Religious leaders decry violence in religion's name
By K. Connie Kang
Los Angeles Times
In a historic action, top leaders of five major religions met this month in Indonesia — home to 200 million Muslims — to condemn violence inflicted in the name of religion.
The leaders, representing Buddhist, Christian, Hindu, Jewish and Muslim traditions, came from five countries and included former Indonesian President Abdurrahman Wahid and Rabbi Abraham Cooper, associate dean of the Simon Wiesenthal Center in Los Angeles.
The group said in a joint communique that the world's spiritual leaders have a "special obligation" to denounce "horrific acts" committed in the name of religion. The Wiesenthal Center was a co-sponsor of the event.
"If we are honest with ourselves, we have not been up to the challenge," Cooper said last week after his return from Indonesia. "Part of it is that we have to get by the PC (politically correct) and just deal honestly."
The interfaith meeting was an important step toward that goal, participants said.
"The truth is that we're in this mess primarily because of religious leaders, and we're only going to get out of it if we find religious leaders who will have the guts to change this. That's the bottom line," Cooper said.
In the communique, the religious leaders said: "A blessing to all creation, religion is a constant reminder to humanity of the divine spark in every person.
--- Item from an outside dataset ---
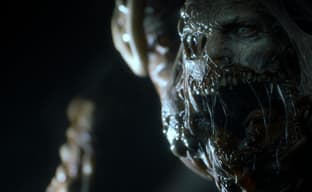 Появился новый геймплейный ролик The Callisto Protocol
Yet, today the world shudders as horrific acts are justified in the name of religion. ... All too often, hatred and violence replace peace as religion is manipulated for political purposes."
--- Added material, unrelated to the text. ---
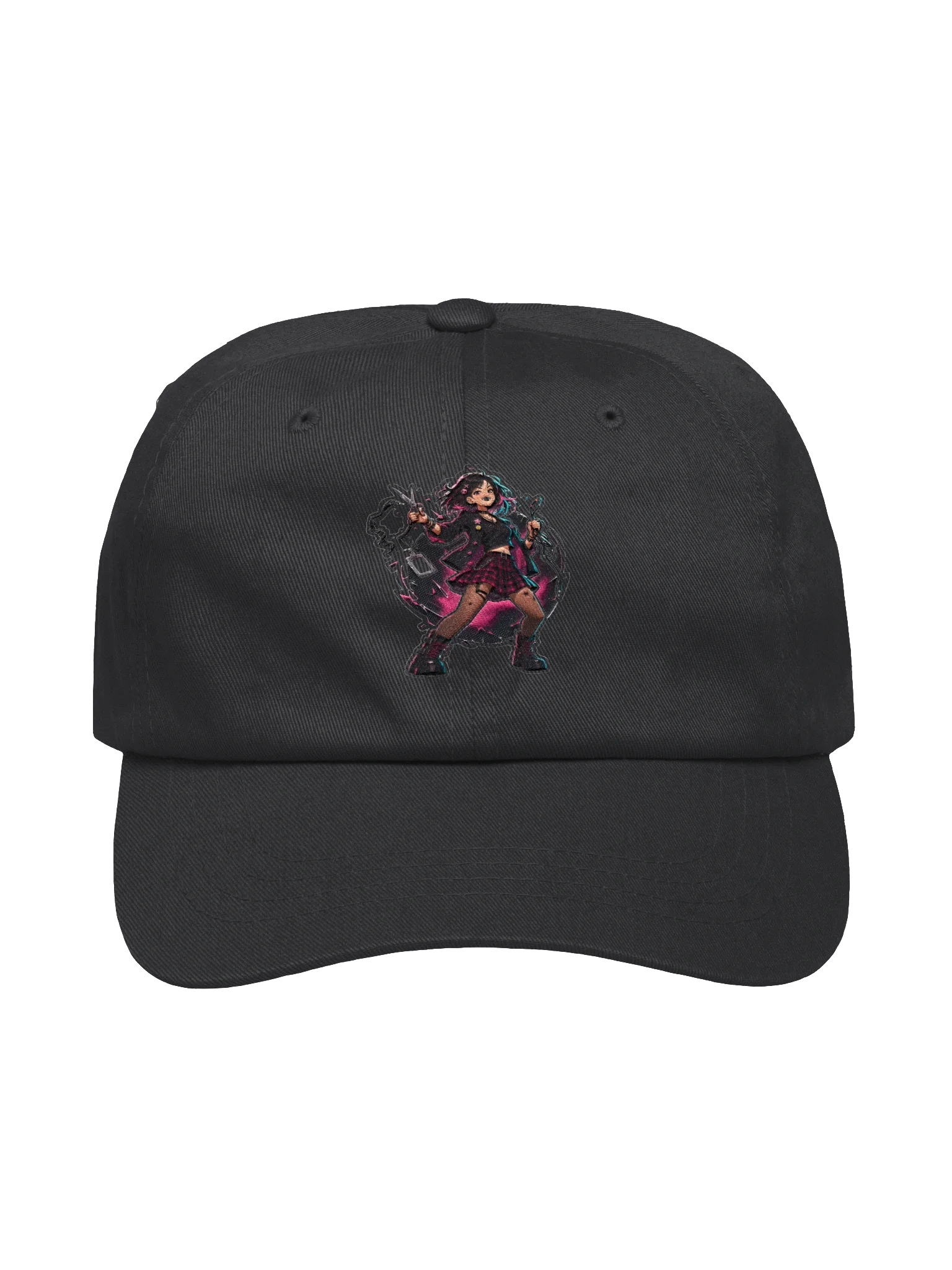 Thank You for This Incredible Opportunity — Embroidered Dad Hat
They also urged that their counterparts around the world follow their example and commit themselves to mobilize their communities to "not only respect, but also defend, the rights of others to live and worship differently."
Political scientist Fred Balitzer, special ambassador to Brunei in the Reagan administration and an attendee at the meeting, called it an "extraordinary achievement."
"It's not exactly Martin Luther King's letter from Birmingham jail, but it's kind of like that," said Balitzer, who for 35 years taught political science at Claremont McKenna College in California. He referred to the passionate letter in which King called on the nation's clergy to live out their Christian faith by fighting injustice, "not sit on the sideline and mouth pious irrelevancies and sanctimonious trivialities."
Balitzer said the conference also made other important points: Major Muslim and Jewish leaders got together in a Muslim country to talk about the Holocaust and affirm that it happened. The meeting also showed, he said, that there are "moderate Muslims in the world."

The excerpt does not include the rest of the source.